In cases where an enterprise does not have a profit from its main enterprise activities but taxable income is still positive due to other incomes arising, including:
- Interest from deposits and loans.
- Income from real estate transfers, capital transfers.
- Income from asset liquidation, recovered bad debts.
...
If taxable income is positive, the enterprise must still declare and pay CIT at the current tax rate.
In conclusion, an enterprise with no profit is not required to pay CIT if taxable income is zero. However, if other income arises, causing taxable income to be positive, the enterprise must still pay CIT according to current regulations.
Accurately declaring and determining taxable income, allowable expenses, and other income are crucial factors in calculating tax in accordance with legal provisions.
Shall an enterprise with no profit pay corporate income tax in Vietnam? (Image from Internet)
How to determine an enterprise's revenue for calculating taxable income in Vietnam?
Based on Article 8 of Decree 218/2013/ND-CP, revenue for calculating taxable income is guided according to Article 8 of the 2008 Law on Corporate Income Tax.
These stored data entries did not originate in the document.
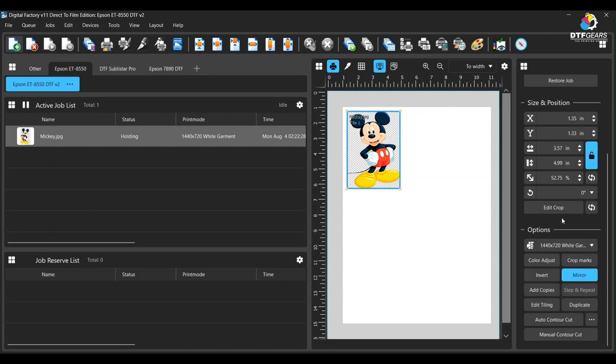Next we are going to talk about features through which you can use most of your DTF sheets or rolls to avoid wastage. Please watch and use any of these methods as they fit your work.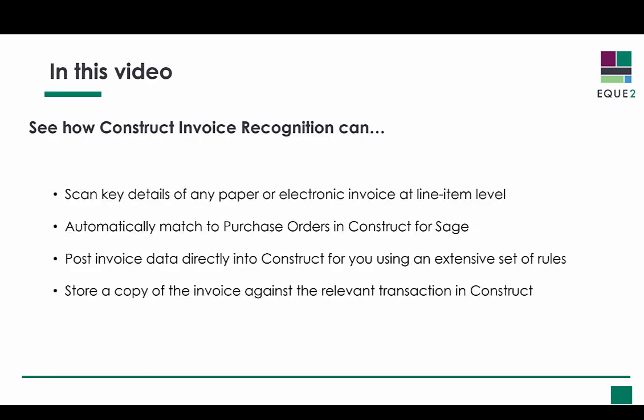In this video you will see how you can automate the entry of your purchase invoices within Construct4Sage. Construct invoice recognition will scan your purchase invoice document and automatically match invoice detail lines against purchase orders within Construct.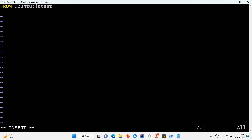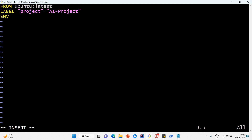We'll optionally attach a label — LABEL project='AI project'. Then we set an environment variable: ENV DEBIAN_FRONTEND=noninteractive, so that everything happens behind the scenes and nothing interactive is printed on the screen.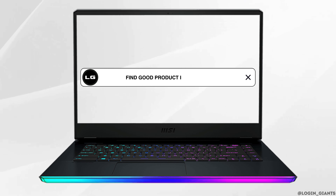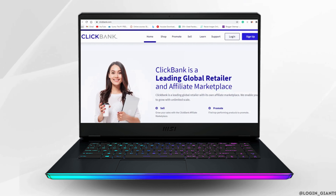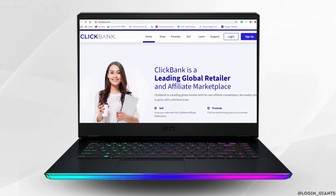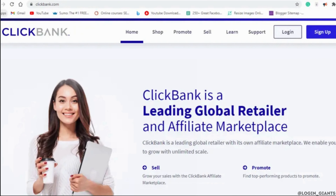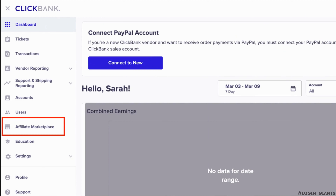How to find a good product in Clickbank. The very first thing you want to do is to head over to any web browser and move into the site clickbank.com. It will land you on the official page of Clickbank. Now what you want to do is simply log into your account. Once you are logged in, head over to the affiliate marketplace.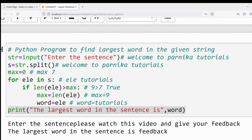If you want to practice more, you can write a Python program to find the smallest word in a given string. If you know the answer, please write it in the chat box. If you still have any doubts related to this program, feel free to ask me in the comment section. I will try to clear your doubts as early as possible. Thank you for watching the complete video — have a nice day.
In which:
- Revenue for calculating taxable income includes the total money from the sale of goods, processing charges, provision of services, including subsidies, surcharges, and premiums received by the enterprise, regardless of whether the money has been collected or not.
- For enterprisees declaring and paying value-added tax (VAT) by the credit method, the revenue for calculating corporate income tax is the revenue excluding VAT.
- For enterprisees declaring and paying VAT directly on the added value, the revenue for calculating corporate income tax includes VAT.
- The time for determining revenue to calculate taxable income for sold goods is when the ownership or usage rights of goods are transferred to the buyer.
The time for determining revenue to calculate taxable income for services is when the provision of services to the buyer is completed or when service provision invoices are issued.
See detailed guidance for specific cases in Clause 3, Article 8 of Decree 218/2013/ND-CP.
What is the current corporate income tax rate in Vietnam?
According to Article 10 of the 2008 Law on Corporate Income Tax, as amended and supplemented by Clause 6 Article 1 of the 2013 Amended Law on Corporate Income Tax and Clause 1 Article 67 of the 2022 Petroleum Law, the CIT rate is specified as follows:
Tax Rate
1. The corporate income tax rate is 22%, except as prescribed in Clauses 2 and 3 of this Article and for subjects eligible for preferential tax rates as prescribed in Article 13 of this Law.
Cases subject to the 22% tax rate mentioned in this clause will apply a 20% tax rate from January 1, 2016.
2. Enterprises with total annual revenue not exceeding twenty billion VND apply a 20% tax rate.
The revenue used as a basis to determine whether an enterprise is eligible to apply the 20% tax rate in this clause is the revenue of the preceding year.
Corporate income tax rates for petroleum activities range from 25% to 50% depending on each petroleum contract; corporate income tax rates for activities in searching, exploring, and exploiting other precious resources in Vietnam range from 32% to 50% depending on each project and each enterprise establishment.
Therefore, the current CIT rate is 20%, except for entities eligible for preferential tax rates.
Specifically, CIT rates for petroleum activities range from 25% to 50% depending on each petroleum contract; CIT rates for activities in searching, exploring, and exploiting other precious resources in Vietnam range from 32% to 50% depending on each project and each enterprise establishment.